• Exercise instructions
Give back exactly the stretch of data below from the line holding "PH PandaHall 600pcs" through the line holding "Eye Body Face", both ends included, and leave the remaining lines out.

===== Supplied data

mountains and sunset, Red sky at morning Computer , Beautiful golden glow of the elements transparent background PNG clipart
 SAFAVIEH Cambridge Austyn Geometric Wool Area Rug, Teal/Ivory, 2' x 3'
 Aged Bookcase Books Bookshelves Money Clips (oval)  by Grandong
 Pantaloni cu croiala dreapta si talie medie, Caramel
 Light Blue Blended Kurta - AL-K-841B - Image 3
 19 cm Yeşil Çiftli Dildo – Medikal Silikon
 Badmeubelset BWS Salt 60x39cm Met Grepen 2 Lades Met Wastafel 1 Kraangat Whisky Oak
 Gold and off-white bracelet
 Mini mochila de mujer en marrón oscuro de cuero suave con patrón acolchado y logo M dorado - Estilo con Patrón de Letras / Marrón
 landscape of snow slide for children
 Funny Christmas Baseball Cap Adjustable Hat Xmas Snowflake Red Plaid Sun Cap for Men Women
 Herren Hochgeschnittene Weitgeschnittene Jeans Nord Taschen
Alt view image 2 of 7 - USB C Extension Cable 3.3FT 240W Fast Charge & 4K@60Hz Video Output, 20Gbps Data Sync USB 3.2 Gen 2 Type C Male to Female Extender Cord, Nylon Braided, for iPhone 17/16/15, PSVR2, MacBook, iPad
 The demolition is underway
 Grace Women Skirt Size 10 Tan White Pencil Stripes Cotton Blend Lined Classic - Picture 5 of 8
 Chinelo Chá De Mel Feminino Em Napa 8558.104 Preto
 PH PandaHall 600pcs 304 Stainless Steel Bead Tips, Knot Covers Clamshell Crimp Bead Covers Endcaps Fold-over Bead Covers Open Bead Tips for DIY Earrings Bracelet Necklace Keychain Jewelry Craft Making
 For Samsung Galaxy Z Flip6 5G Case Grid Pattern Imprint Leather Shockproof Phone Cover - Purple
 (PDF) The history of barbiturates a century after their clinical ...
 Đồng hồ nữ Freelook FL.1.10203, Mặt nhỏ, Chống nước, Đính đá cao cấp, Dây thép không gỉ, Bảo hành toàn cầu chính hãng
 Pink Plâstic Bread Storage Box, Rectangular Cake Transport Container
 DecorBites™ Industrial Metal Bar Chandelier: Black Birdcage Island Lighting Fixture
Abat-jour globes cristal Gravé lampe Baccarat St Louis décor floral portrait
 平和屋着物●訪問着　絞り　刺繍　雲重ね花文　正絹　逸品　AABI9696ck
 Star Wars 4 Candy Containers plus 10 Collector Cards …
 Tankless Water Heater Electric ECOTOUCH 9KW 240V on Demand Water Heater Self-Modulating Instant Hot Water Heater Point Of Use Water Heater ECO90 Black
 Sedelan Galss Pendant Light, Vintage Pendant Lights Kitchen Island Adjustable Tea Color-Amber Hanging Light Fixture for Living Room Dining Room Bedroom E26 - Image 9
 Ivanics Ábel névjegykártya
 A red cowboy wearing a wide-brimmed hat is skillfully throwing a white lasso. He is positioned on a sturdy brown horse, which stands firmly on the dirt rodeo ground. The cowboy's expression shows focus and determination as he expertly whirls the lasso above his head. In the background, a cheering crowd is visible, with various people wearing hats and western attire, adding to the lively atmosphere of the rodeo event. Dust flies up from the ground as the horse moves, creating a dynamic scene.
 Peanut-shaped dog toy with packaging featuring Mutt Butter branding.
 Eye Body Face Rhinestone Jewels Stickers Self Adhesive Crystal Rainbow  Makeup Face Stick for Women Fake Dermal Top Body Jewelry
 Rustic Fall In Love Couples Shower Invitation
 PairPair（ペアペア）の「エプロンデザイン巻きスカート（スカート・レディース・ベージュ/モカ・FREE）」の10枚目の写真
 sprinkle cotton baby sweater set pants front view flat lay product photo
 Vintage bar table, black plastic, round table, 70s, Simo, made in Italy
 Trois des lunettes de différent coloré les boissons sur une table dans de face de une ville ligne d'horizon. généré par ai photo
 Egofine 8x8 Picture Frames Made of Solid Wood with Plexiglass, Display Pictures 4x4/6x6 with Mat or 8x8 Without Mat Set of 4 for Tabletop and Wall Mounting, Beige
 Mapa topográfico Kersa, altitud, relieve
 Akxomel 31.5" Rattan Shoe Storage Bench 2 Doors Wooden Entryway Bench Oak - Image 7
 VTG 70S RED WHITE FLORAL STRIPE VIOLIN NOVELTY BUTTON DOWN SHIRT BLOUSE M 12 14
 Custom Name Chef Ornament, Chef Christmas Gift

==========

• Completed task
 PH PandaHall 600pcs 304 Stainless Steel Bead Tips, Knot Covers Clamshell Crimp Bead Covers Endcaps Fold-over Bead Covers Open Bead Tips for DIY Earrings Bracelet Necklace Keychain Jewelry Craft Making
 For Samsung Galaxy Z Flip6 5G Case Grid Pattern Imprint Leather Shockproof Phone Cover - Purple
 (PDF) The history of barbiturates a century after their clinical ...
 Đồng hồ nữ Freelook FL.1.10203, Mặt nhỏ, Chống nước, Đính đá cao cấp, Dây thép không gỉ, Bảo hành toàn cầu chính hãng
 Pink Plâstic Bread Storage Box, Rectangular Cake Transport Container
 DecorBites™ Industrial Metal Bar Chandelier: Black Birdcage Island Lighting Fixture
Abat-jour globes cristal Gravé lampe Baccarat St Louis décor floral portrait
 平和屋着物●訪問着　絞り　刺繍　雲重ね花文　正絹　逸品　AABI9696ck
 Star Wars 4 Candy Containers plus 10 Collector Cards …
 Tankless Water Heater Electric ECOTOUCH 9KW 240V on Demand Water Heater Self-Modulating Instant Hot Water Heater Point Of Use Water Heater ECO90 Black
 Sedelan Galss Pendant Light, Vintage Pendant Lights Kitchen Island Adjustable Tea Color-Amber Hanging Light Fixture for Living Room Dining Room Bedroom E26 - Image 9
 Ivanics Ábel névjegykártya
 A red cowboy wearing a wide-brimmed hat is skillfully throwing a white lasso. He is positioned on a sturdy brown horse, which stands firmly on the dirt rodeo ground. The cowboy's expression shows focus and determination as he expertly whirls the lasso above his head. In the background, a cheering crowd is visible, with various people wearing hats and western attire, adding to the lively atmosphere of the rodeo event. Dust flies up from the ground as the horse moves, creating a dynamic scene.
 Peanut-shaped dog toy with packaging featuring Mutt Butter branding.
 Eye Body Face Rhinestone Jewels Stickers Self Adhesive Crystal Rainbow  Makeup Face Stick for Women Fake Dermal Top Body Jewelry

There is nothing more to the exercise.